▶ What is required:
Could you retype the lines below, starting at the line holding "2pcs/set Best Friends" and stopping at the line holding "Nike Air Jordan", inclusive? Copy them exactly and drop the images.

▶ Data supplied:
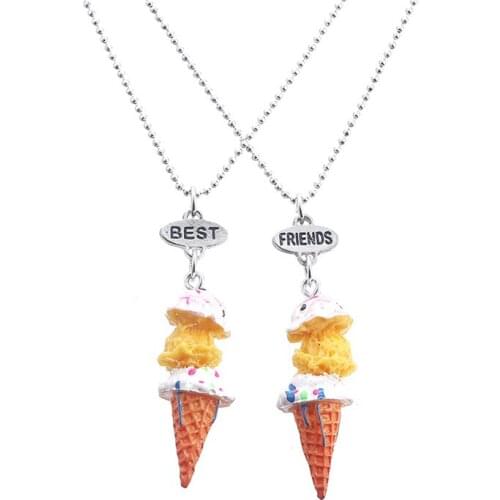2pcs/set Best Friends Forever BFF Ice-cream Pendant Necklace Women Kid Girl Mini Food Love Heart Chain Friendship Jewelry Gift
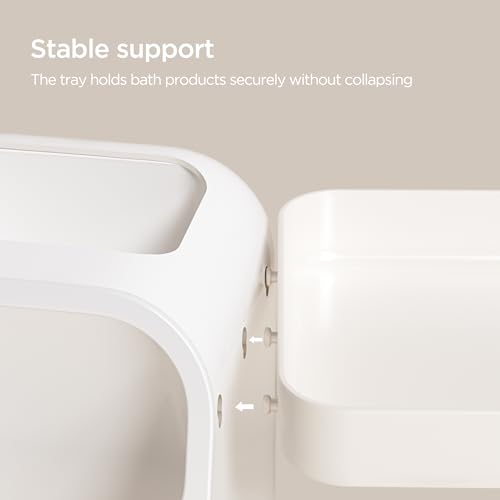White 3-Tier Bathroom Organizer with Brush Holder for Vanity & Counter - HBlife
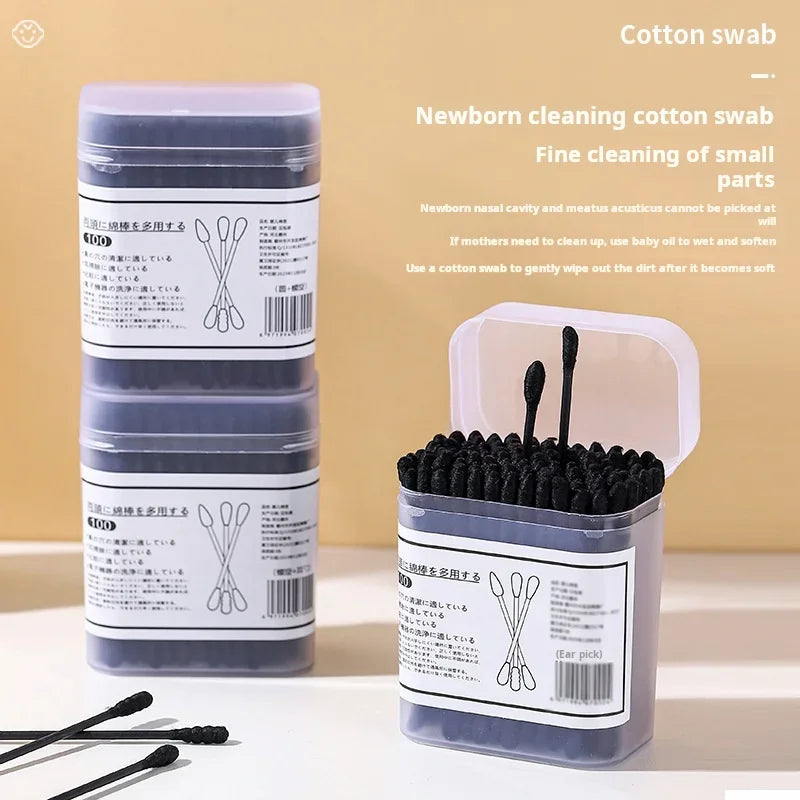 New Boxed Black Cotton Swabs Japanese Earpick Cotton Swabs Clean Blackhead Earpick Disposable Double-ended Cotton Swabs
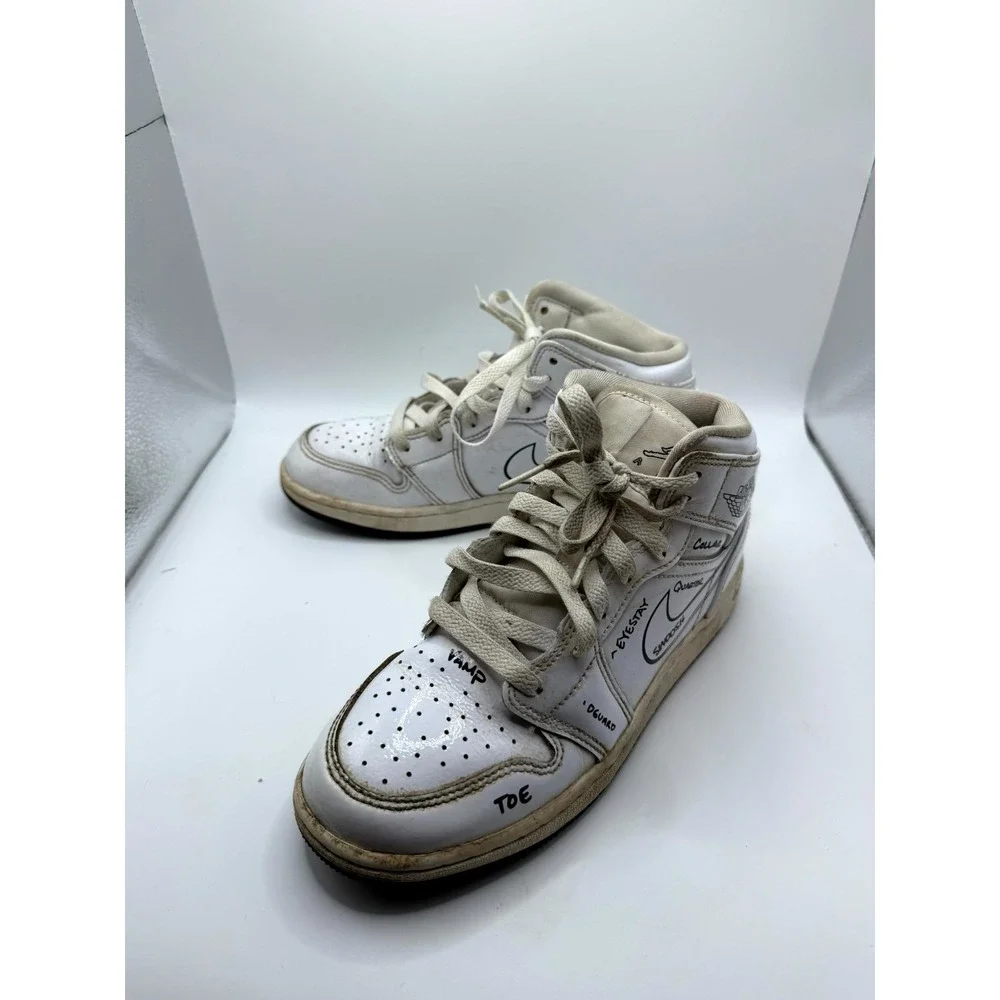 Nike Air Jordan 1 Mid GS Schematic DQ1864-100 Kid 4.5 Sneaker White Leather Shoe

==

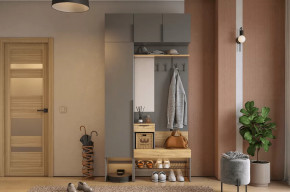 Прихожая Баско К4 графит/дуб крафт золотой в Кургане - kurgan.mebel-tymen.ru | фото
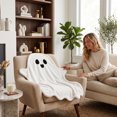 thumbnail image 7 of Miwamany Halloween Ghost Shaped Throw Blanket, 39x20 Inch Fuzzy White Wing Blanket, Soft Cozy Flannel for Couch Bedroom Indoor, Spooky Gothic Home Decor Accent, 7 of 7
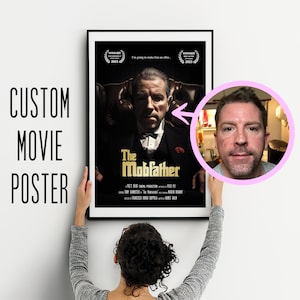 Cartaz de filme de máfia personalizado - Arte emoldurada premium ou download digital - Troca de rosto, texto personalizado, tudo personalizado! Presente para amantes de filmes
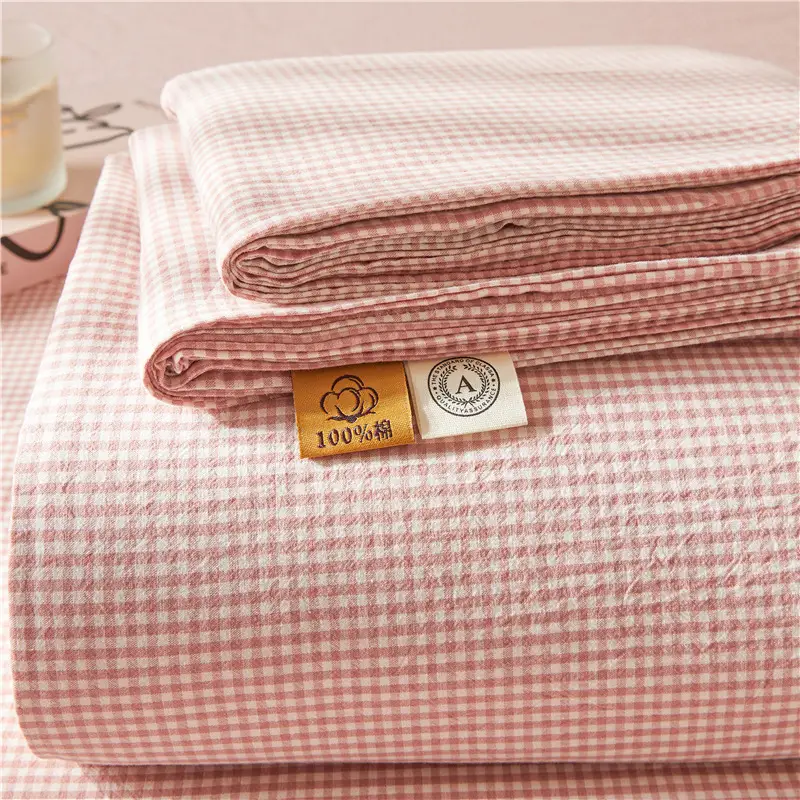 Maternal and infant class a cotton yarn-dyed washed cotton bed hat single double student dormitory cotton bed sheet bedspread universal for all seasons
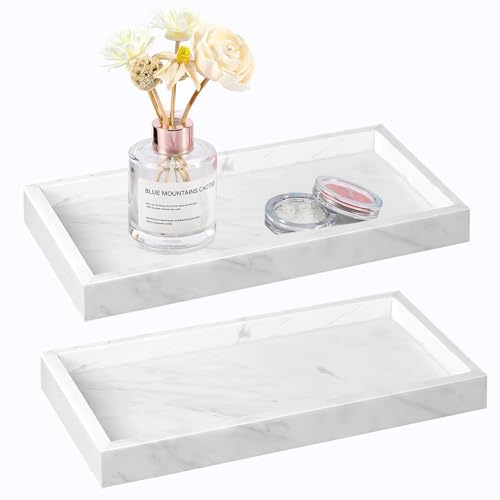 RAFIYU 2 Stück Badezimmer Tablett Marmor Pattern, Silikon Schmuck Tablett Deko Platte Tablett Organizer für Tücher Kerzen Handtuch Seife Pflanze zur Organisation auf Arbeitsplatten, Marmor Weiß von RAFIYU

▶ Answer box:
2pcs/set Best Friends Forever BFF Ice-cream Pendant Necklace Women Kid Girl Mini Food Love Heart Chain Friendship Jewelry Gift
White 3-Tier Bathroom Organizer with Brush Holder for Vanity & Counter - HBlife
 New Boxed Black Cotton Swabs Japanese Earpick Cotton Swabs Clean Blackhead Earpick Disposable Double-ended Cotton Swabs
 Nike Air Jordan 1 Mid GS Schematic DQ1864-100 Kid 4.5 Sneaker White Leather Shoe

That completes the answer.